Vantage Points: Use Broadcast Scale and Relevance to Ignite Innovation
This is the latest in our new series, Vantage Points. On a semi-weekly basis, it will tap the perspectives of various lookout points from around the local media and tech sectors. Though the format, frequency and distribution will develop, please contact mbolandATbiakelsey if you have insights to share.
Leveraging Local TV Broadcast Scale and Relevance to Ignite Foundational Change
By Maribeth Papuga
In local advertising circles, the unofficial start of Fall is marked by the TVB Forward conference, an annual NYC gathering of Local Broadcast leaders dedicated to consider the “economic, political, technological, viewer/consumer challenges and opportunities.”
Now in it’s sixth year under TVB President, Steve Lanzano, the recent confab was packed with critical multi-discipline panels. The sessions reminded the audience that despite the onslaught of issues around media fragmentation, inadequate measurement methodology, and mounting legislative and investment pressure; there are reasons to remain optimistic. BIA/Kelsey helped support this year’s conference by assembling a panel of local content and digital experts who are championing multi screen video and providing more relevant and specially curated local market content across the US. A key theme from the panel is that successful innovation won’t come without broadcasters leveraging their scale and relevance in the marketplace.
TV stations serve as the patriarchs of local media mainly because of their core advantage to deliver localism, reach, impact and trust. These four characteristics embody responsibility as well to drive change before the marketplace dictates it for them. Despite looming spectrum auctions, unbalanced regulations, and the changing media/advertising landscape; local broadcasters are the only single body that can best inform and manage foundational guidance for the broader local marketing and measurement ecosystem.
It is the deep experience and commitment to local broadcast standards that provides the necessary pragmatism to direct and lead. But this can only be done by finding a common bridge that encourages transparency and correlative links to local market data and the metrics to inform innovation. To be successful, it may require new partnerships and multi channel hacking sessions to encourage prospective stakeholders that accelerated change demands open architecture to deliver stronger returns and more profound advancement.
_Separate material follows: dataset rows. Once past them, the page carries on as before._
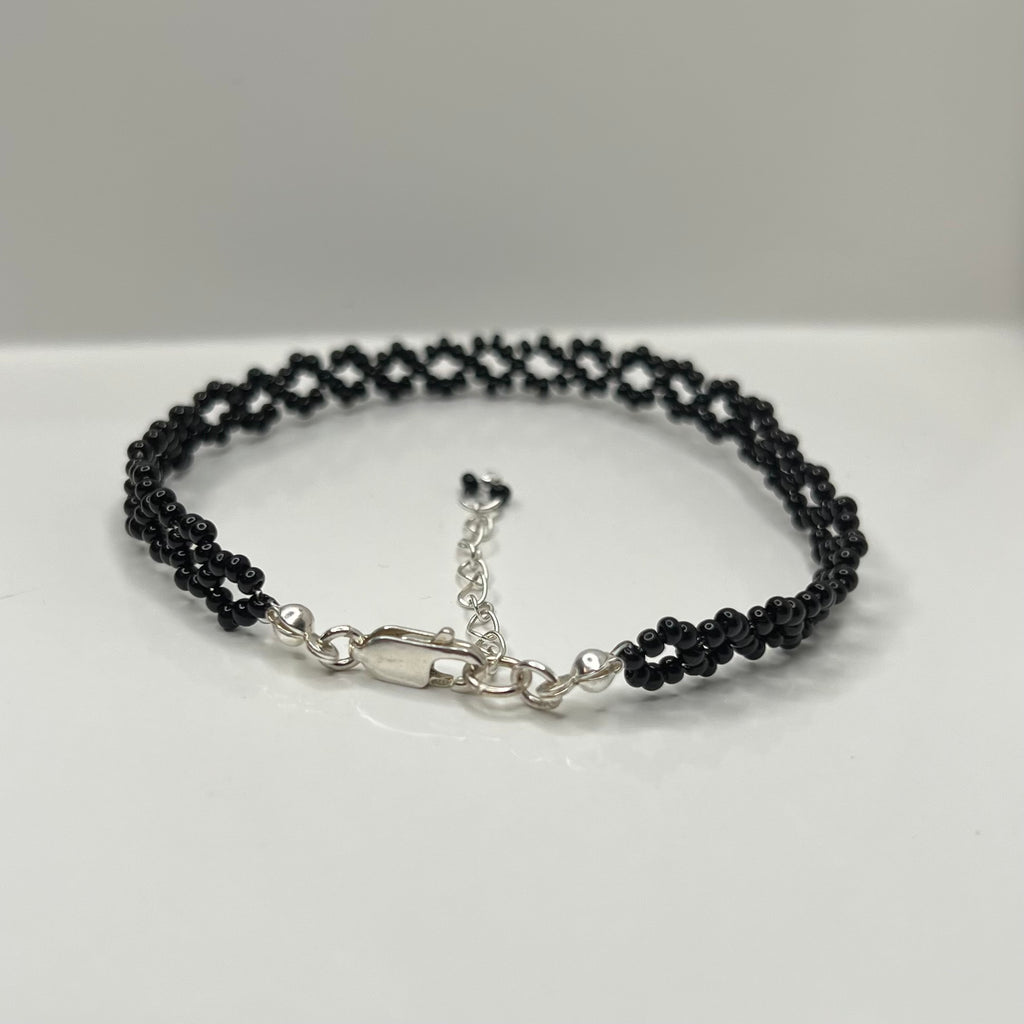 Black beaded bracelet with silver clasp on a white surface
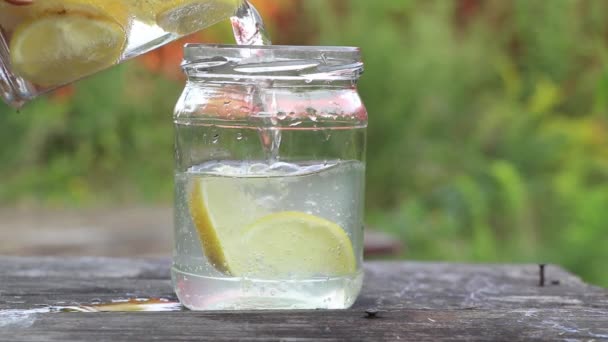 太陽の下のテーブルの上のガラスの輝く水の中のレモン レモンと水 飲み物 — ストック動画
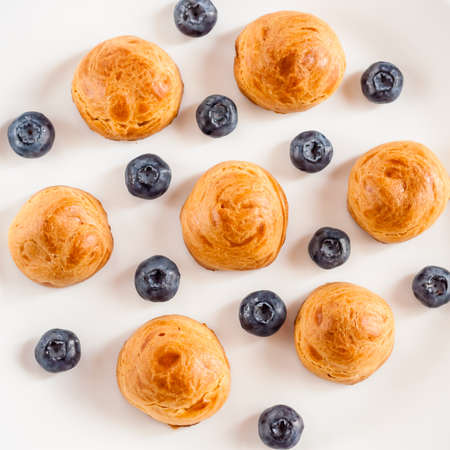 Delicious profiteroles with cream on a plate.の写真素材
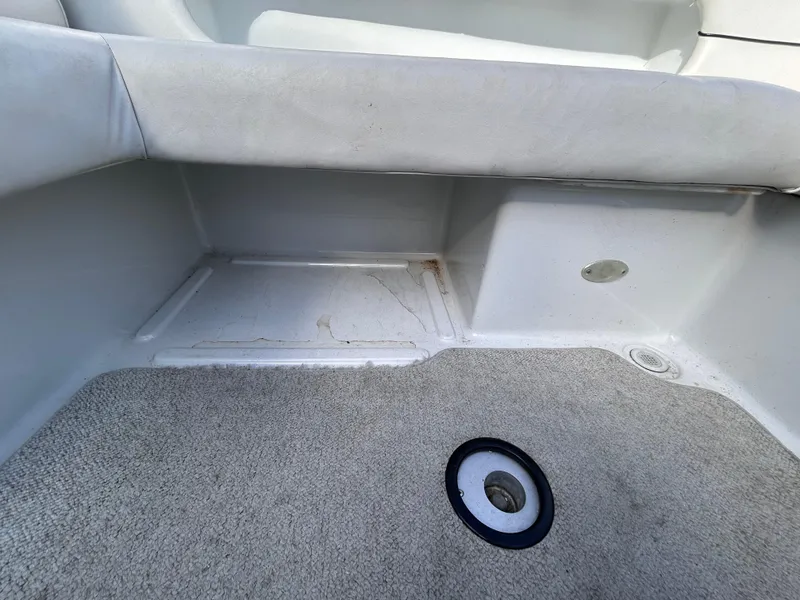 Slide: The Image of Interior view of 2000 Crownline 266 CCR boat, featuring carpeted flooring and seating area. - 7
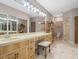 Bright bathroom features dual vanity sinks, a makeup counter, and a glass-enclosed shower at 7540 Lake Marsha Dr, Orlando, FL 32819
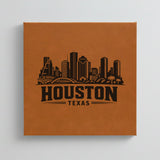 Close up of the Houston, Texas skyline engraved on Brown leatherette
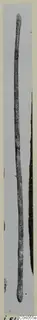 Long slender bronze rod with rounded ends, photographed upright against a grey background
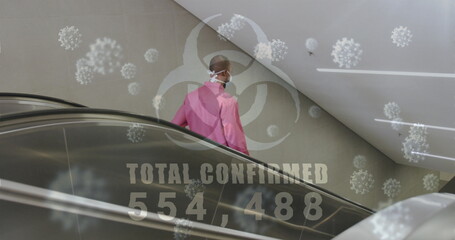 Poster - Biohazard symbol with increasing cases against african american senior manusing escalator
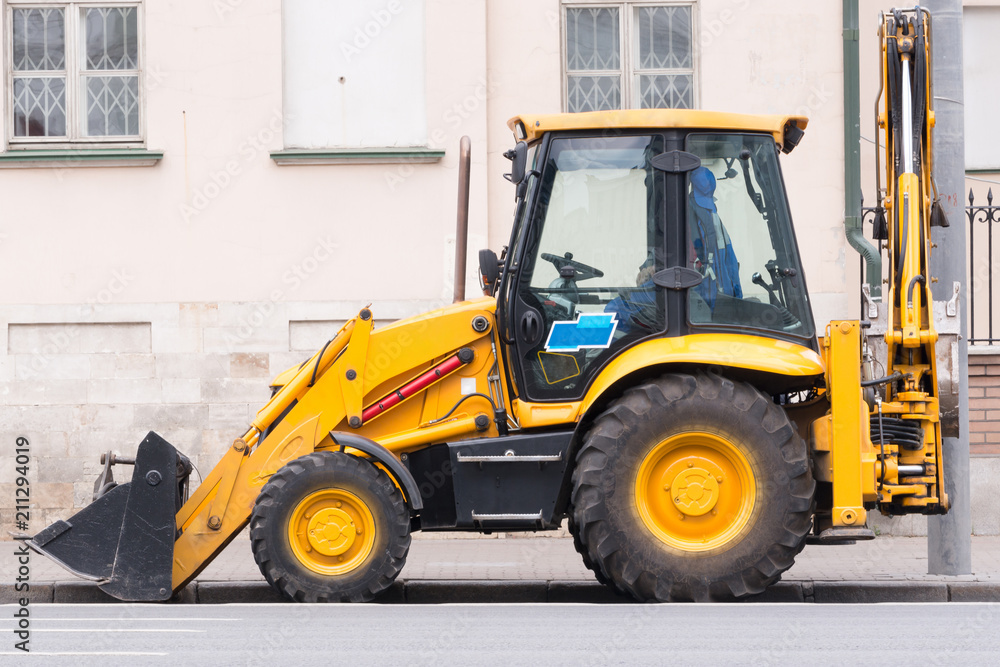 the yellow bulldozer stands at the old building the yellow bulldozer stands at the old building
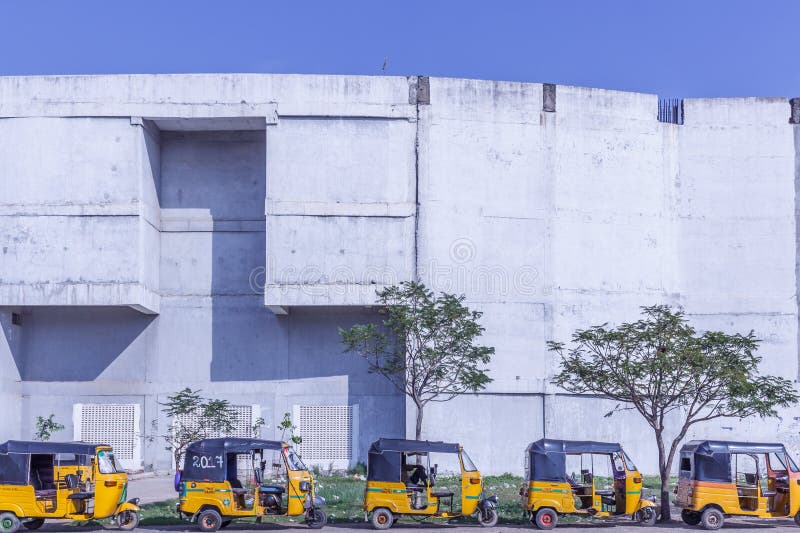 Chennai, India, 02.01.2017. Local auto rickshaw stand parked in a row outside Taramani railway station royalty free stock image Chennai, India, 02.01.2017. Local auto rickshaw stand parked in a row outside Taramani railway station royalty free stock image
My passionate optimism is rooted in local markets as much as it is the stations. As an advertising agency veteran who spent a career defending local market advertising, I put it to the test by becoming a student of economic development and city planning. The initial intent was to formally investigate the unique local market characteristics that underscore economic opportunities marketers and agencies may be overlooking today. Through a diverse curriculum, I rediscovered business applications that validate a cross market transformation being built through collaborative local metropolitan networks and investments that propel data-sharing innovation. Local TV broadcasters have front row seats to this market transformation which only adds to their leadership relevance.
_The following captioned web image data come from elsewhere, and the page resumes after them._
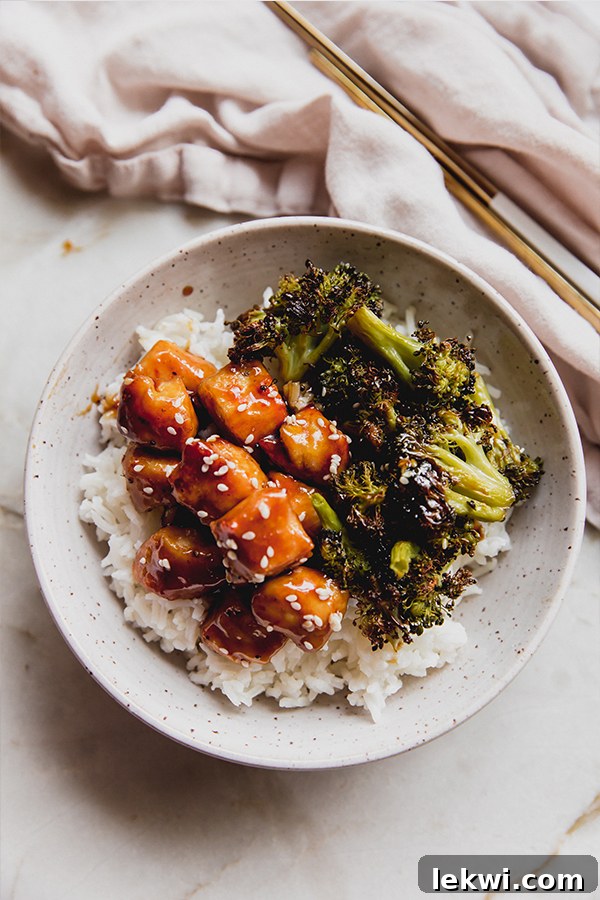 A bowl of sheet pan sesame chicken over rice.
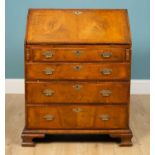 An 18th century-style walnut bureau, the fall front enclosing a fitted interior over four long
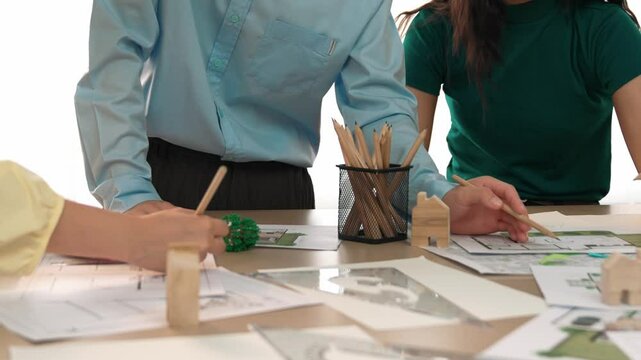 A video of architect use measurement tools and pencil to measure blueprint. Architect design house construction on a table at studio, with architectural plan scattered around. Focus hand. Delineation.
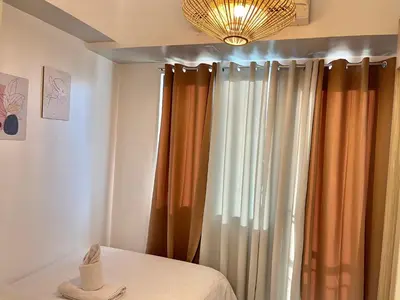 a bedroom with a bed with curtains and a chandelier at PinkDoorZ MOA Staycation at SEA Residences in Manila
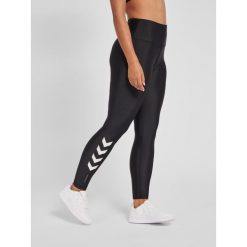 Damskie wysokie legginsy Hummel TE Tola. Czarne legginsy Hummel, bez wzorów, z elastanu. Za 246.00 zł.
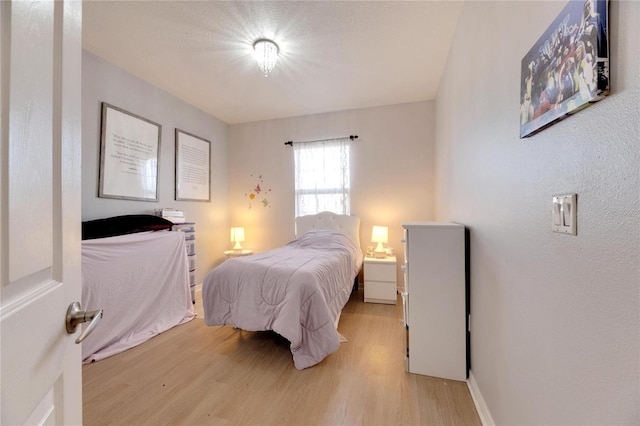 bedroom featuring light hardwood / wood-style floors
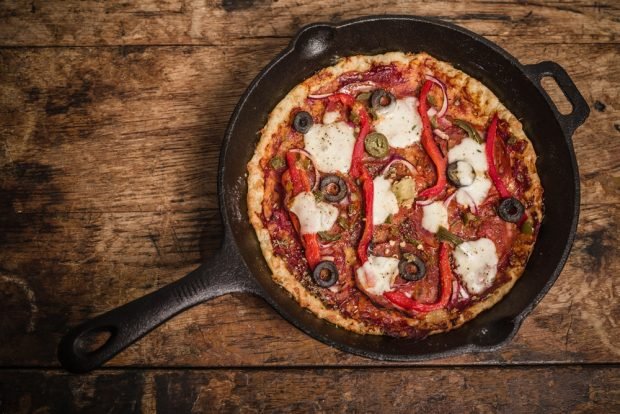 Pizza with tomatoes and mozzarella on milk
The TVB Forward conference accomplished its mission by delivering both positive and negative perceptions of issues facing local TV broadcasters. While some probably walked away feeling overwhelmed by the confusion and lack of definitive future pathways, it equally confirmed that the industry is quietly screaming out for more discipline and collaborative blueprints. One remark that was likely viewed as a reason to stay on the sidelines had called attention to the fact that the explosion of data and targeting capabilities is actually creating less clarity and will likely dilute future TV network investment in data. While it may be that the TV network investment did not provide payback, the flip side to this story is linked to the fact that nationally aggregated data is less valuable in its current formation. A clear opportunity for local markets to take affirmative action.
For local broadcasters, the benefit lies in the collective value of local market audiences that multiple channels share. In leveraging scale for relevant foundational data standards within and across all US markets, the industry will also encourage more clarity for tool development and investment returns.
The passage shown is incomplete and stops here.